▸ **Directions**: Output the data unchanged and complete, minus the images.

▸ **Provided material**:
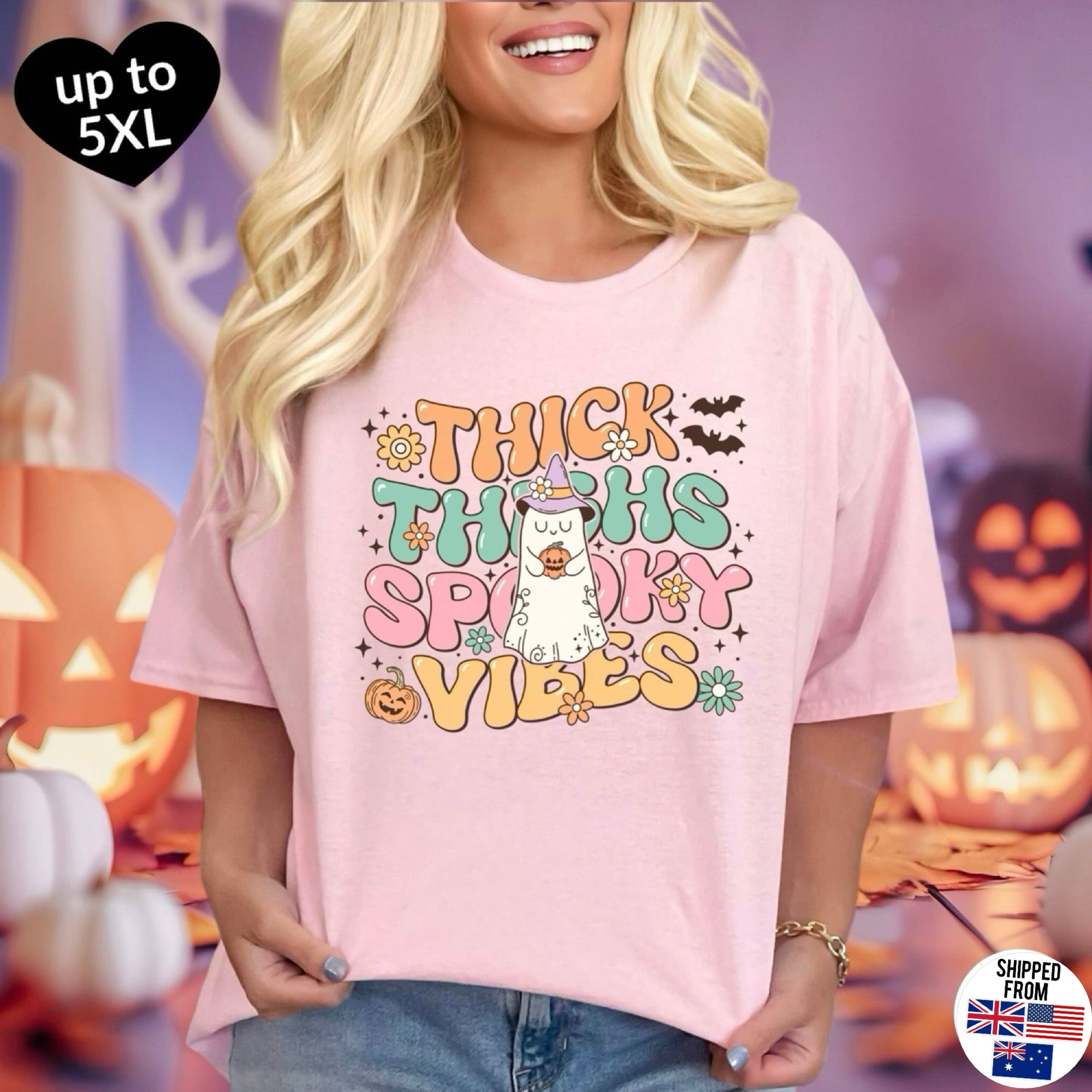 Thick Thighs and Spooky Vibes Softstyle T-Shirt, up to 5XL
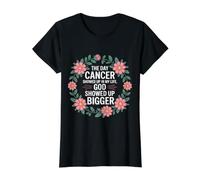 When Cancer Came God Showed Up Even Bigger - Camiseta gráfica económica, Mujer, Negro, M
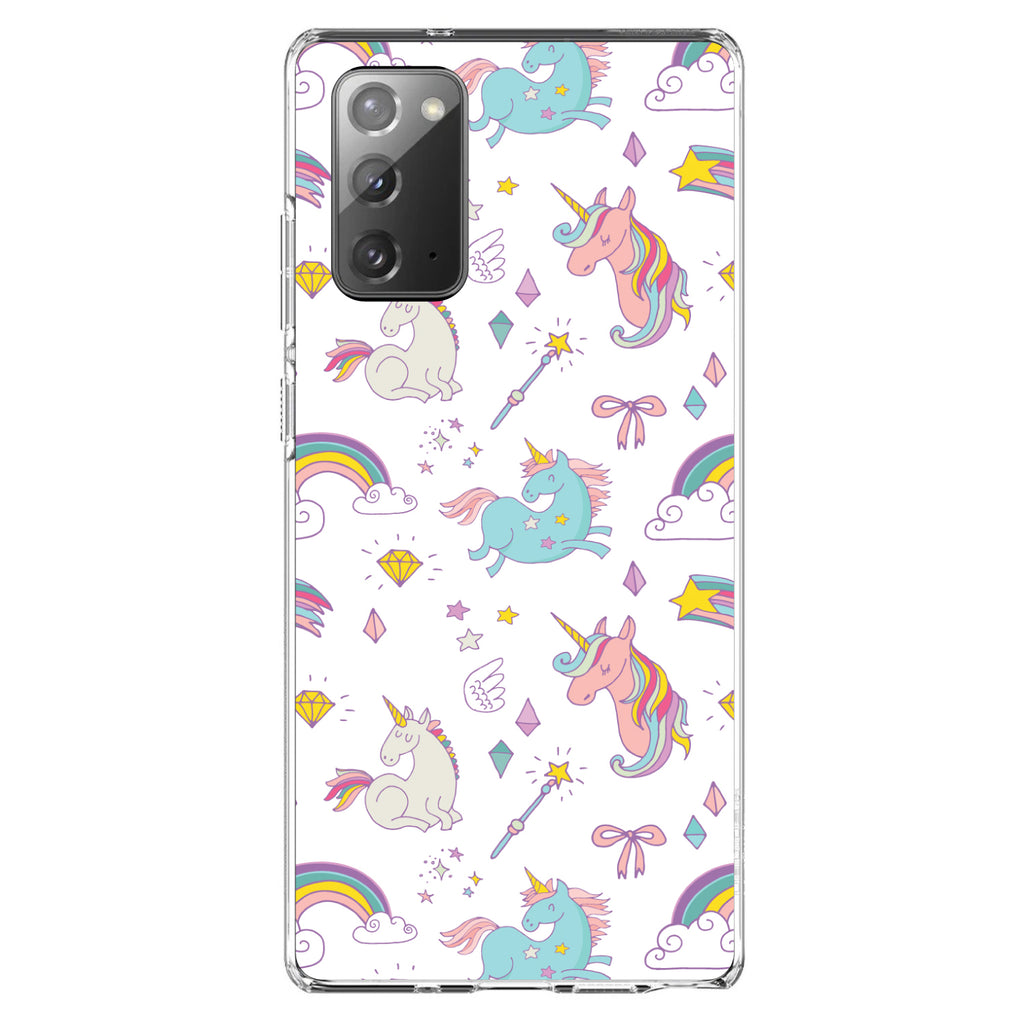 Unicorn Rainbow Wand Pattern, White Clear Shockproof iPhone Case, view 8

▸ **Response**:
 Thick Thighs and Spooky Vibes Softstyle T-Shirt, up to 5XL
 When Cancer Came God Showed Up Even Bigger - Camiseta gráfica económica, Mujer, Negro, M
 Unicorn Rainbow Wand Pattern, White Clear Shockproof iPhone Case, view 8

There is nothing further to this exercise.